Thursday, February 6, 2014

Village Life!

After settling our feet in Chiang Mai and moving into our new homes near campus, we left town to spend four nights and five days with host families in a Northern Thai village.  It was by far one of the most interesting experiences I have ever had!  The village is about two hours north of Chiang Mai and the drive up was beautiful, as we headed out of the city and into rolling mountains.  It was is if you could feel time slowing down.  I had no idea what to expect, but was open for a new experience.  One of the very first things that I realized was that we were headed into farmland - and more specifically - rice!  We had the opportunity to help work in the rice fields and got to get our hands dirty!  It was nice to be out working and we all had our hats on to avoid the hot sun.  We also had many chances to enjoy the fruits of labor as rice is a staple served at every meal!  I did not complain! The food just kept getting better and our lovely host mother (who we called 'mae' for mother) spent hours preparing our meals.

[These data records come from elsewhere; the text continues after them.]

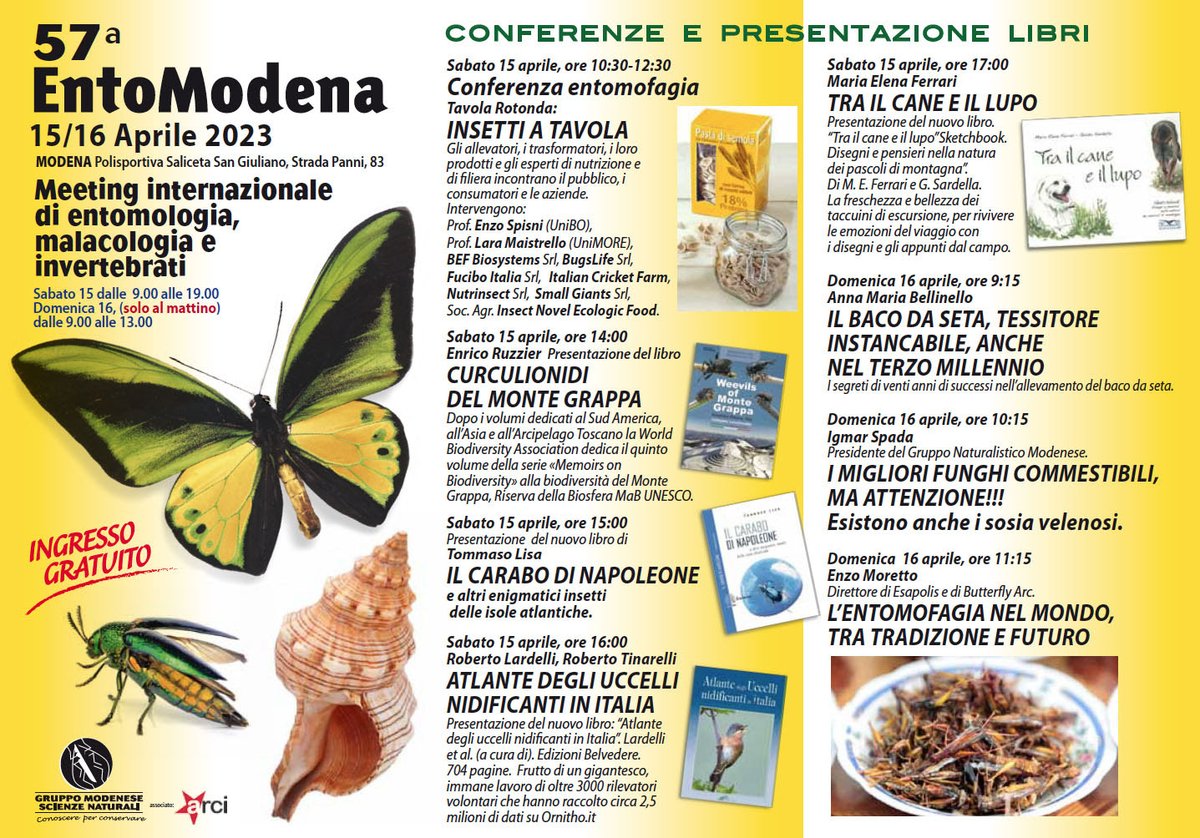 GMSN_Entomodena's tweet photo. Torna #Entomodena!
#Modena #educazione #ambiente #bambini #natura #insetti https://t.co/uoxW8FVwEF
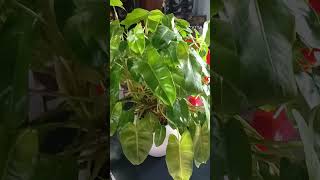 Philodendron plants gardening [upl. by Titus]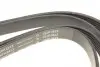 FB6PK2413 Ремінь генератора Audi A4/A5/A6 3.0 TDI/3.2 FSI 05-/ MB E-class (W124/S124) 2.8-3.0T 93-96 (6PK2413) INA підбір по vin на Brocar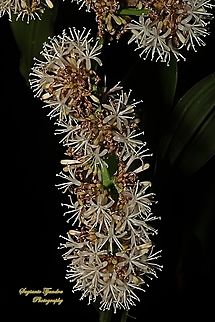 Bunga Hanjuang/ Andong, Cordyline fruticosa  Cordyline fruticosa,Geotagged,Indonesia,Palm Lily,Winter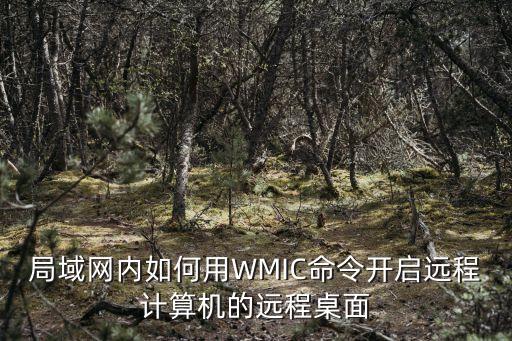 局域网内如何用wmic命令开启远程计算机的远程桌面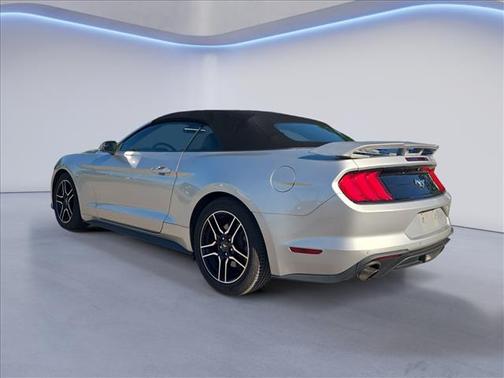 Ingot Silver Metallic 2019 Ford Mustang EcoBoost Premium
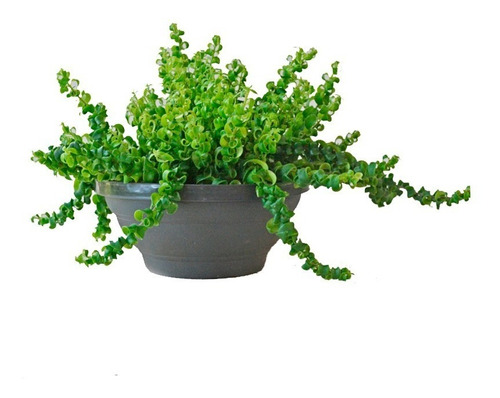 P columeia twiste.jpg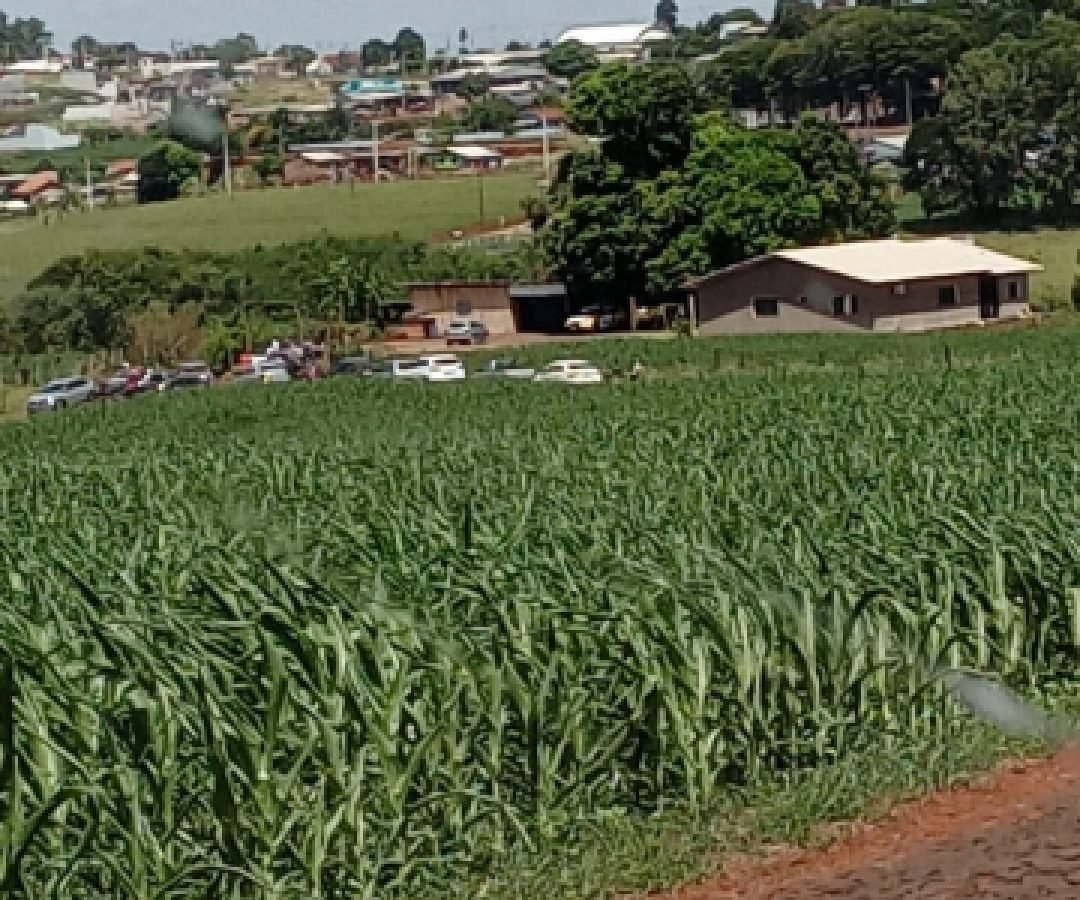Casal é encontrado morto dentro de residência em Boa Vista da Aparecida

Rice fields and rolling mountains!

While living in the village for a week it was amazing to see how self sustaining the community was and how they all worked together.  Our family had chickens which provided eggs and meat, as well as fish in large cement containers and not too far from our house - pigs!  They also kept frogs, which I did not get the pleasure of trying.  Mae practically spent all day in the kitchen preparing our meals, which I could not thank her enough for.  I offered many times to help and she insisted otherwise.  The houses are closely placed together and none of them have boundary fences therefore anyone can walk through the yard of any house.  The community spirit was unlike any I had seen before.  The calm, friendly demeanor of everyone made me feel like I was part of the family and it was difficult to leave. 
Gai! (chicken)

A hot coal stove for cooking and broom.

Neighbors overlooking the rice fields.
Mu! (pig)

Sunset over the rice fields.
One morning we had the opportunity to participate in a Buddhist ceremony.  We left at 7am piled in the back of pick up trucks to the temple (Wat) a short few miles away.  Although the temperature rises to the 90s midday, the winter months in the mountains bring cool mornings, my guesstimate being 40-50 degrees F.  (I know that is considered a heatwave in my hometown back in Maine, USA about now!) One of the courses I am taking at school is Buddhism and it was great to see first hand some of the traditions and actually participate in making offerings to Buddhist monks.  We brought large bowls filled with food and rice as well as bouquets of flowers with candles and incense in which we piled into heaps of colorful offerings. After placing the offerings on the table we sat in a covered area to hear the monks share (unfortunately I could not understand as they spoke in Thai, but I could pick up on the tones and vibes of the ancient practices).  I was blown away at how much our host mother wanted us be involved and guided us at every step of the way.  My first impressions of Buddhism were all inclusive, community participation and deep tradition and meaning in everything they do.  I am very excited to learn more through the semester and realize how lucky I am to get to experience it first hand here in Thailand!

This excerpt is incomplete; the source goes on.